Research studies suggest that rural, Hawaiian, and Pacific Islander students are best served and motivated by place-based, project-based, hands-on activities and challenging science instruction, especially when their investigations address real-world problems in culturally relevant terms. By supporting more than 100 teachers in Hawai‘i through professional development, teaching assistance, and logistical support, the Hawai‘i Meaningful Environmental Education for Teachers (HI-MEET) program connects Hawai‘i’s youth to relevant, place-based STEM education opportunities though field research.
Funded through the NOAA Bay Watershed Education and Training (B-WET) Program and Kamehameha Schools, HI-MEET trains and supports teachers to conduct relevant field research activities that are aligned with Common Core and Next Generation Science Standards.
During the 2016–17 school year we worked with a team of master teachers to develop and field test a middle and high school field science curriculum, Huli ʻĀina Kumu Wai (Watershed Investigation), that is aligned with NGSS and Common Core standards.
“We have a huge responsibility to teach our students that resources
are not infinite and we need to preserve traditional practices
while advancing scientific research.”
–Nyra Dee, science teacher, Hilo High School
2017–2018 HI-MEET Program
The yearlong program started with a three-day, hands-on workshop that introduced teachers to the Huli ʻĀina Kumu Wai field science curriculum and included instruction on Hawaiian cultural protocol, kilo observation skills, field sampling techniques, watershed education, and 14 lessons to share with middle and high school students.
“I really appreciated being a part of this workshop.

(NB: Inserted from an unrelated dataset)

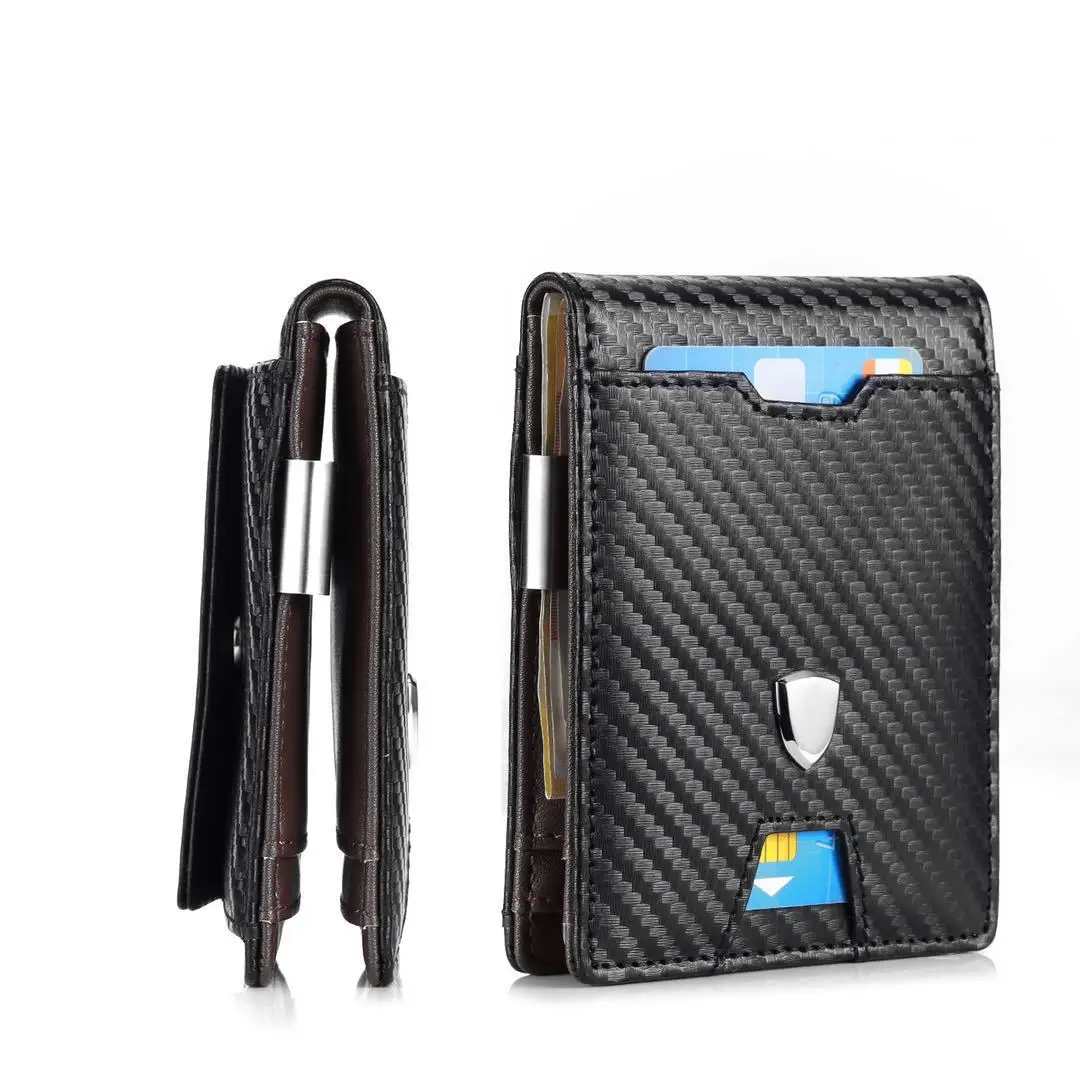 

carbon fiber anti-theft gold clip men's card change wallet business wallet business bifold purse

It was very well organized
and the resources are fantastic. I am looking forward to this school year and
building an exciting science experience for my students.”
– Cristy Athan, science and physical education teacher, Kohala Middle School
- July 25–27, 2017: Workshop in Waimea, Hawai‘i Island, which includes
- The Kohala Center’s Huli ‘Āina Kumu Wai curriculum of field science lessons aligned with NGSS and Common Core;
- field experience to model observation skills, environmental data collection, cultural protocols, and field trip behavior management techniques;
- $200 to purchase field science supplies such as transect tapes, quadrats, ID sheets, magnifiers, and more; and
- ongoing support throughout the 2017–2018 school year to support field science work with students, including transportation, logistics, and classroom presentations.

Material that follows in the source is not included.